When you’re picturing dunes your mind might think of the Sahara or a white sandy beach (or at most be reminded that "the spice must flow"). Either type is seen on Earth: small decimeter-size ripples or large waves of sand hundreds of meters long.
Both types of dunes can be found on Mars, but researchers were surprised to find a third type. An international group of astronomers combined data from NASA’s Curiosity Rover and the Mars Reconnaissance Orbiter and discovered that the Red Planet sports mid-size dunes, too. Their findings are published in Science.
At first, these large Martian ripples were thought to have a similar origin to the small wind dunes found on Earth’s beaches, and the reason why they are larger on Mars is because the Martian sand grains hop in a different way.
If this was the case, there would be no small-scale dunes; instead, all three types co-exist peacefully. No existing model can explain how the winds have formed these meter-size dunes, but the team realized that their stable size, sinuous crest, and asymmetric profiles were akin to underwater current ripples.
Subaqueous dunes are well understood and there are decades of experiments that have modeled them in fine detail.

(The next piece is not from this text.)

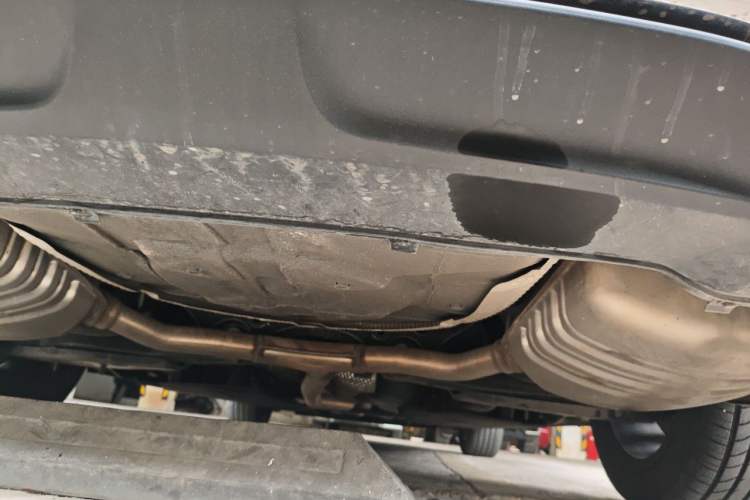 Used Hongqi H5 2024 2.0T Automatic Smart Connect Flagship Edition Chassis Rear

The team developed a model based on the underwater ripples found on Earth, and once applied on the mid-size Martian dunes, it was found to accurately predict their crest-to-crest distance.
This discovery of the wind-drag ripples is not just about the current state of the Martian surface, but it could have an impact on our understanding of Mars geological and atmospheric past.
These ripples were observed in sedimentary rocks in the Victoria Crater by Opportunity and, since their size depends on the atmospheric density, the model can be used to estimate how dense the atmosphere was when those sediments formed.
Mars used to look more like Earth, and understanding how quickly it lost its atmosphere is important in furthering our understanding of the evolution of planets.